El déficit y la inversión
EL SOCIALISTA vasco señor Solchaga y el comunista señor Tamames, en brillantes y agresivas intervenciones parlamentarias, le han dado precisamente al Gobierno la pista de lo que le falta a su programa de política económica: decisión. El punto clave de la situación es la atonía de la actividad y el ininterrumpido crecimiento del paro. El cambio de situación exige un Estado beligerante que no conviva pasivamente con la crisis -como ha dicho el propio presidente Suárez-, capaz de relanzar la actividad mediante un crecimiento de la inversión pública. Pero esto es muy difícil de conseguir si no se aumenta el déficit presupuestario, Io que, por otro lado, no es ningún disparate económico, como lo demuestra el hecho -recordado por el señor Solchaga- que dos países muy ortodoxos y cuidados en su tratamiento de la inflación -República Federal de Alemania y Japón-, en años de depresión, como los de 1975 y 1976, acudiesen a un déficit del orden del 5% del valor de su producción total de bienes y servicios. En España estamos ahora en un déficit del orden del 3% del producto interior bruto (PIB) y no parece que el Gobierno esté dispuesto a traspasarlo.Sin embargo, de lo que nadie se ha acordado en el Parlamento es de la naturaleza del déficit. Este se elabora sobre un telón de fondo que, en el caso japonés, incluía una reducción en la tasa de crecimiento de los salarios de, aproximadamente, la mitad, y en el alemán, una disminución equivalente, más la diáspora vertiginosa de trabajadores turcos, yugoslavos, italianos y españoles que, en gran número, regresaban a sus países de origen. Los déficit de Alemania Occidental y Japón tuvieron como objetivo relanzar la actividad a través de los primeros programas energéticos serios de sustitución del petróleo por otras fuentes de energía y el consiguiente apoyo a los fabricantes de bienel de equipo. Tampoco nadie dijo que el déficit de estos países fue, en gran medida, consecuencia de una disminución de los impuestos, que favoreció, principalmente, la tesorería de las empresas y sus proyectos de inversión.

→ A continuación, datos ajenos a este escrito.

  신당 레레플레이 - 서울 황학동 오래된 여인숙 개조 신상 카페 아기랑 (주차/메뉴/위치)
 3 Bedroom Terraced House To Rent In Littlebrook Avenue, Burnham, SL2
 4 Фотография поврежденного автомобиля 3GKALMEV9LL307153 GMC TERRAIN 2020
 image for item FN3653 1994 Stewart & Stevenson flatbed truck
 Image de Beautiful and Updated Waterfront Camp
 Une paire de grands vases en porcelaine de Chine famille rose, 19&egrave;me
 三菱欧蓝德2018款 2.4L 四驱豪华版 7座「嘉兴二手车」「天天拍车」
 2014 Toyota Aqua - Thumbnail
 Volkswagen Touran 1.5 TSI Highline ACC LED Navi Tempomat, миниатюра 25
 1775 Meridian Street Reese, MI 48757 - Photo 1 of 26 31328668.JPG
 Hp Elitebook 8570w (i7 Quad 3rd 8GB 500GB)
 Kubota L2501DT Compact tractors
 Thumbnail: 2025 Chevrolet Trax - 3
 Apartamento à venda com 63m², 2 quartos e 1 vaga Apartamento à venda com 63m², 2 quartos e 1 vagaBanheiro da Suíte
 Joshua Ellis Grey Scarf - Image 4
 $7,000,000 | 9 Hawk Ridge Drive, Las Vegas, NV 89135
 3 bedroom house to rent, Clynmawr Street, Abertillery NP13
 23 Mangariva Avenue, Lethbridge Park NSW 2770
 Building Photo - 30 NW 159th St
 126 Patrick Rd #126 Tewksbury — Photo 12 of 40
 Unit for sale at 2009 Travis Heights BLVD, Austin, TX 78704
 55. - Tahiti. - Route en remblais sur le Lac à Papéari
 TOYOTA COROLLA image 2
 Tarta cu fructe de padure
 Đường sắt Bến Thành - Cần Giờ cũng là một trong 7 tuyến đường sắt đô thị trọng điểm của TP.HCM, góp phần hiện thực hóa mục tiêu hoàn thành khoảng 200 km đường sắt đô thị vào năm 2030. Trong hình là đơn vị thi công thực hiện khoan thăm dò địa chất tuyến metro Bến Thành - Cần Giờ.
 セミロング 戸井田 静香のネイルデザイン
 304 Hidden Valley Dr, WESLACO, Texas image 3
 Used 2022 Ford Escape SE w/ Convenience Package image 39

Pero el déficit español, como el italiano, que, por otro lado, se eleva al 11% del PIB de ese país, es completamente gratuito, y se da la paradoja -sólo fruto de una mala administración- de que en épocas de caída de la inversión privada española la inversión pública sigue el mismo camino. Y aquí el señor Solchaga tiene toda la razón: el Gobierno de UCD teme un aumento del déficit del sector público porque no se siente con fuerzas para detener los gastos corrientes y utilizar esos recursos, e incluso más por el lado de la inversión.
El presupuesto para 1981 está a punto de llegar al Parlamento y todos los indicios apuntan a que las cuentas ya están echadas y que son precisamente las mismas que las de 1980 y 1979. Que la inversión pública crezca en un 30%, como ha apuntado el ministro de Economía y Comercio, significa, por desgracia, bastante poco. En primer lugar, porque los coeficientes de realización de la inversión pública han sido en estos últimos años muy bajos respecto a las cifras inicialmente presupuestadas y porque el porcentaje de inversión pública con relación a los gastos corrientes ha venido disminuyendo año tras año. No se trata de restablecer la situación, sino de invertirla para combatir el paro e indicar con claridad a los empresarios privados los propósitos de la política económica. Pero si los reproches del señor Solchaga y del señor Tamames al Gobierno, de no ser capaz de reformar y poner en marcha la Administración, se confirman, el programa de reactivación quedará en dique seco. Y se habrá perdido una nueva y excelente oportunidad, porque los españoles ocupados están ya probablemente dispuestos a aceptar un sacrificio en favor de los españoles en paro si el Gobierno lo plantea correctamente. Pero lo que no están dispuestos es a apretarse el cinturón para que siga aumentando el desempleo industrial y el ocio administrativo.